> Exercise aim:
Return all of the data exactly, omitting any images.

> Information supplied:
BEGIN
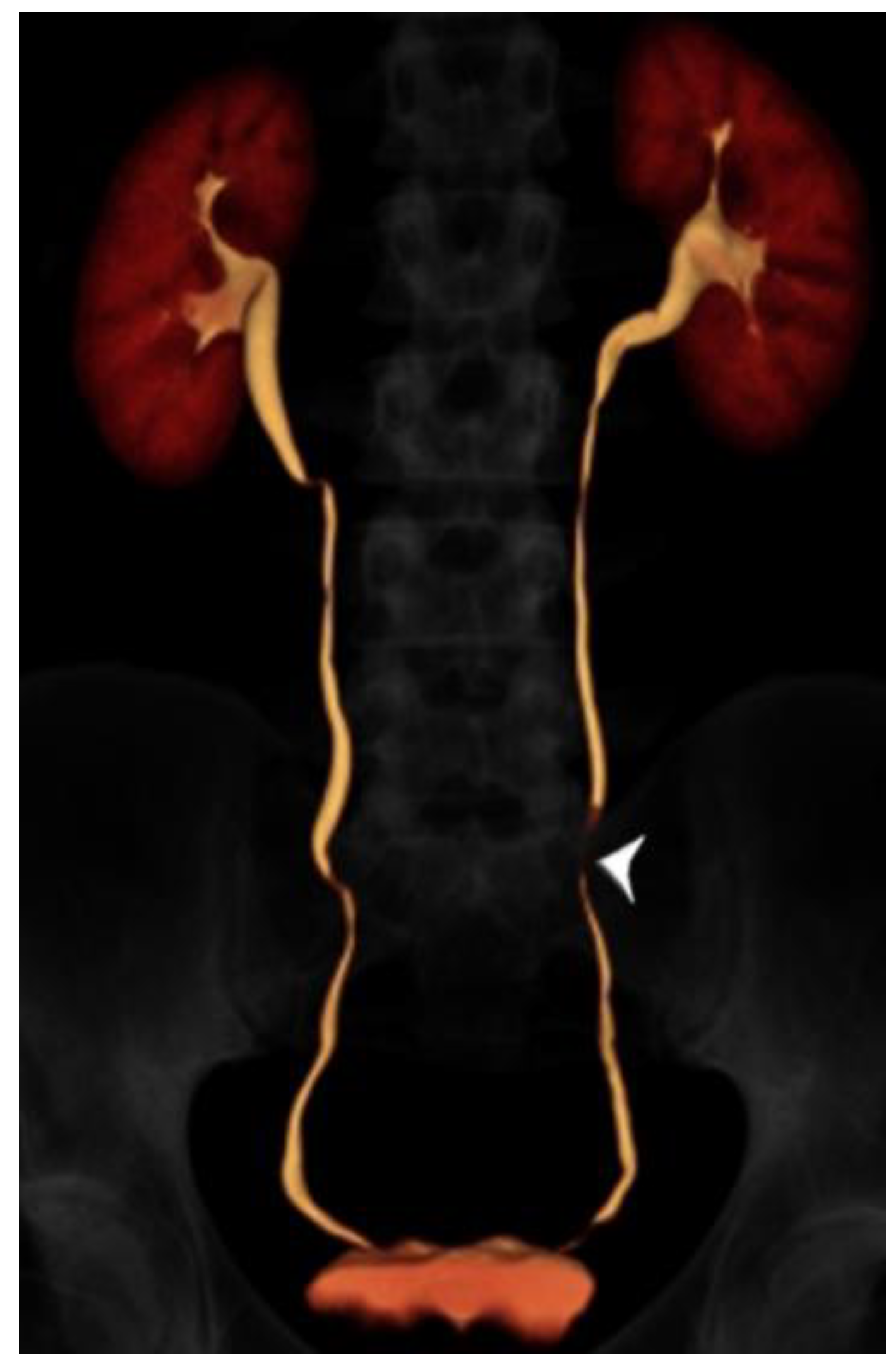 Tomography 07 00019 g002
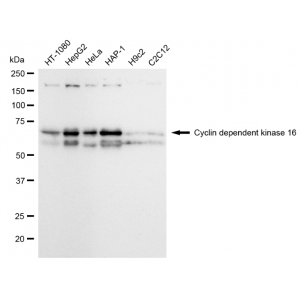 KD-Validated CDK16 Rabbit mAb (20 μl)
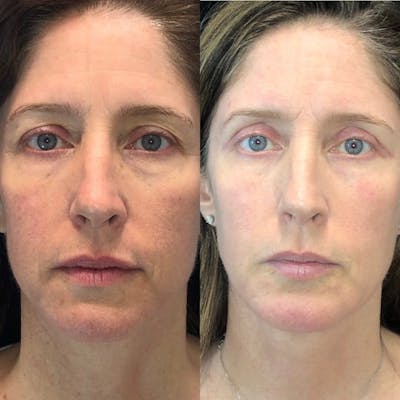 Sciton Halo Before & After Gallery - Patient 81641120 - Image 1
END
> Output of the exercise:
 Tomography 07 00019 g002
 KD-Validated CDK16 Rabbit mAb (20 μl)
 Sciton Halo Before & After Gallery - Patient 81641120 - Image 1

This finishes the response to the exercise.